Somewhere below are a line with "colorful of origami" and a later line with "May include: Black". Output exactly those lines and all lines between them.

# # #

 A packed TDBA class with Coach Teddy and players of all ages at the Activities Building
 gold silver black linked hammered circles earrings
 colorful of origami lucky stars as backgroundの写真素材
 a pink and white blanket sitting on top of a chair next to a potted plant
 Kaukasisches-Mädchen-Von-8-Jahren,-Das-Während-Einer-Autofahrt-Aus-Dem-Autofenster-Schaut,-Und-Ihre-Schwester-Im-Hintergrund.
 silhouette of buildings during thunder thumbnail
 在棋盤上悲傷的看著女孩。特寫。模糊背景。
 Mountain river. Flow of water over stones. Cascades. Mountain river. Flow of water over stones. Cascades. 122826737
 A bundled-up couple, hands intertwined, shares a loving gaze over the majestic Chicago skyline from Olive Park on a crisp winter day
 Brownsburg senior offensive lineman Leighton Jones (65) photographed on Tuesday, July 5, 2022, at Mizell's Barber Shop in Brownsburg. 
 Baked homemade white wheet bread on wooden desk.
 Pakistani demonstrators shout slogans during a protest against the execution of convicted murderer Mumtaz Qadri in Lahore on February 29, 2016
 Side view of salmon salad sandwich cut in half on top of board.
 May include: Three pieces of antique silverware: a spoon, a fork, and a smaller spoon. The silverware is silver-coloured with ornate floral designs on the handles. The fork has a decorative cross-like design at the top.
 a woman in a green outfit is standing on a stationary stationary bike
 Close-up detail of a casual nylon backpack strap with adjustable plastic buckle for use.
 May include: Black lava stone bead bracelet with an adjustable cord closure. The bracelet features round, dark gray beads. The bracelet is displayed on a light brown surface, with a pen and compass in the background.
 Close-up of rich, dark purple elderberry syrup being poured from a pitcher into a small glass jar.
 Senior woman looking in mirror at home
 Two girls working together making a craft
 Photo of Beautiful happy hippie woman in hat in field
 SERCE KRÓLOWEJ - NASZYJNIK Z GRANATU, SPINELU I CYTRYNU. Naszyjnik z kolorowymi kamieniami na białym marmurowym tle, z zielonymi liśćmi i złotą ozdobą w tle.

# # #

[WRITTEN SOLUTION]
 colorful of origami lucky stars as backgroundの写真素材
 a pink and white blanket sitting on top of a chair next to a potted plant
 Kaukasisches-Mädchen-Von-8-Jahren,-Das-Während-Einer-Autofahrt-Aus-Dem-Autofenster-Schaut,-Und-Ihre-Schwester-Im-Hintergrund.
 silhouette of buildings during thunder thumbnail
 在棋盤上悲傷的看著女孩。特寫。模糊背景。
 Mountain river. Flow of water over stones. Cascades. Mountain river. Flow of water over stones. Cascades. 122826737
 A bundled-up couple, hands intertwined, shares a loving gaze over the majestic Chicago skyline from Olive Park on a crisp winter day
 Brownsburg senior offensive lineman Leighton Jones (65) photographed on Tuesday, July 5, 2022, at Mizell's Barber Shop in Brownsburg. 
 Baked homemade white wheet bread on wooden desk.
 Pakistani demonstrators shout slogans during a protest against the execution of convicted murderer Mumtaz Qadri in Lahore on February 29, 2016
 Side view of salmon salad sandwich cut in half on top of board.
 May include: Three pieces of antique silverware: a spoon, a fork, and a smaller spoon. The silverware is silver-coloured with ornate floral designs on the handles. The fork has a decorative cross-like design at the top.
 a woman in a green outfit is standing on a stationary stationary bike
 Close-up detail of a casual nylon backpack strap with adjustable plastic buckle for use.
 May include: Black lava stone bead bracelet with an adjustable cord closure. The bracelet features round, dark gray beads. The bracelet is displayed on a light brown surface, with a pen and compass in the background.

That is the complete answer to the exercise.